Another Year of Oil Cutbacks Possible as Oil Producers Eye Long Term Alliance

Friday February 16, 2018

The announcement of a long term alliance between oil producers led by Saudi Arabia and Russia to be ratified by the end of this year is being sold as a safeguard against any wild market price upswings as well as a way to protect the market rebalance supposedly being achieved by the Organization of the Petroleum Exporting Countries' (OPEC) production cuts.

However, the announcement comes on the heels of observers wondering why, if OPEC and its allies are so close to rebalancing the market, they are moving so aggressively to change the goalposts.

Suhail al-Mazroui, energy minister for the United Arab Emirates, told media of the alliance formation, saying OPEC was urging its members to build oil capacity buffers to temper any wild upswings in price due to the weak U.S. dollar this year.

Mazroui, who is also president of OPEC, said, "That buffer is [to ensure] that if you have a surge [in demand] or issue in one of the countries you can replace that in the market and achieve a short and medium-term re-balance of the market."
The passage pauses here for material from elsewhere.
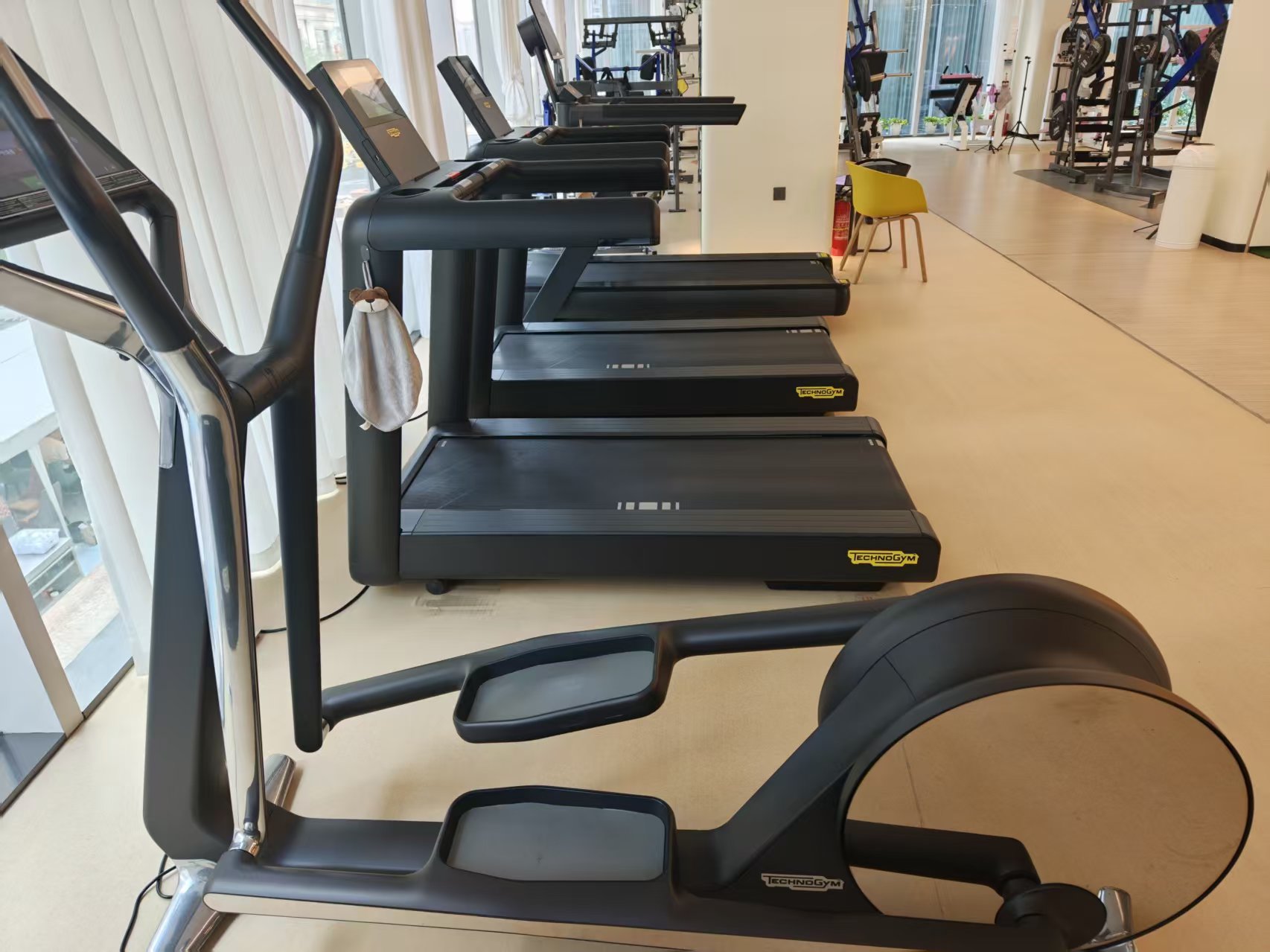 OXYGEN氧气健身 Technogym 跑步机 / 椭圆机 Technogym Skillrun / Synchro Forma Elliptical 作用部位心肺有氧 / 全身脂肪燃烧 / 膝关节友好 用法跑步机：速度8-12km/h走跑结合30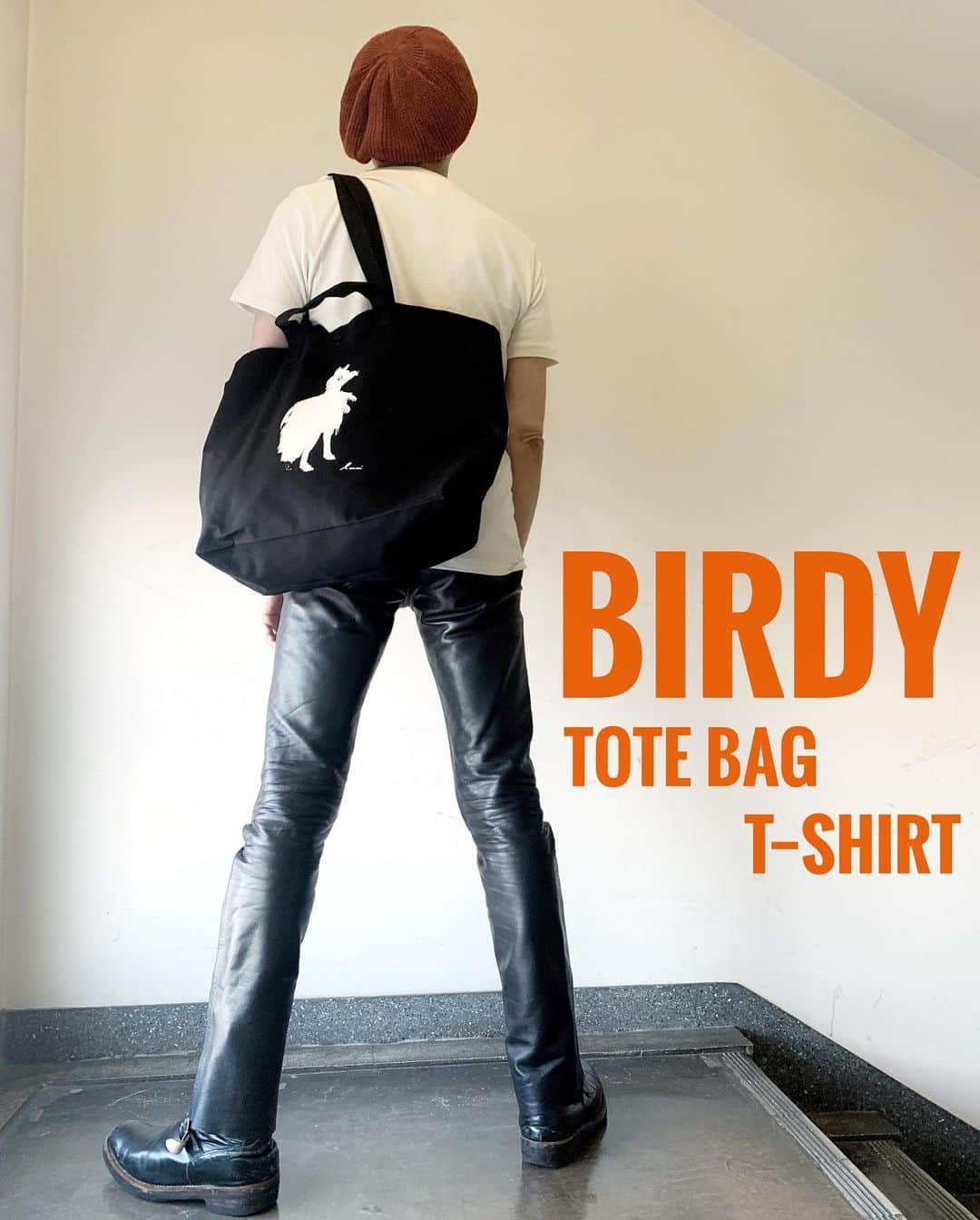 イマイアキノブのインスタグラム：「🥀新作 販売中 トートバッグ & Tシャツ  『BIRDY』(新作) 『CROWN CAT』(新色) illustrations by imaiakinobu   ✴︎トートバッグ 『BIRDY』 (2ウェイハンドル 内ポケット付) ホワイト／ブラック 各 ¥3000  ✴︎Tシャツ『BIRDY』(ボディナチュラル) サイズ  S M L XL 各 ¥3000  ✴︎Tシャツ 『CROWN CAT』 (ボディナチュラル  通販は11月中旬開始予定) サイズ S M L XL 各 ¥3000  ライブ会場 及び IMAIAKINOBU OFFICIALSITE(通販) https://imaiakinobu.base.ec/ にて販売中  #imaiakinobu  #イマイアキノブ」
Without elaborating on the strategy, he added that a draft framework might be endorsed and signed by all 24 countries before the end of the year.

However, earlier this week both Saudi Arabia and Russia admitted publicly that the metric to measure stockpiles is flawed and must be replaced - which implies that any claim made by OPEC or other parties about the true state of the crude market is questionable at best.

Bloomberg speculated that "Choosing a different measure of success could further reinforce the need for supply curbs to continue for the whole of 2018 -- something Saudi Arabia is keen to ensure as it prepares the historic initial public offering of its state oil company."

The news agency went on to list a number of possible methods that could be used to calculate stockpiles, noting that "in reality there's little reliable data for anywhere outside the 34 countries that make up the Organization for Economic Cooperation and Development."

No other news agency and virtually no analysts have yet come forth to discuss the implications of a chief OPEC member and its top ally admitting that a preferred way of determining crude stockpile number s is deeply flawed, and this left the field open for the ever-optimistic Emmanuel Ibe Kachikwu, oil minister for Nigeria (one of many countries attempting to boost rather than reduce production), to tell media that he is "not ruffled" by the recent oil price decline and OPEC member nations need to focus on their production costs.

Pointing a finger at a familiar and convenient scapegoat, he said, "OPEC needs to just focus on itself and focus on what it needs to do and forget what is happening in [U.S.] shale ... Every OPEC producer must work hard to be a least-cost producer."

Khalid al-Falih, energy minister for the Saudis, earlier this week told reporters in Riyadh that it's better to "stay the course and make sure that inventories are where the industry needs them" -  and almost in the same breath he admitted that finding reliable inventory data has been a challenge to more than a year of oil output cuts designed to end the global glut.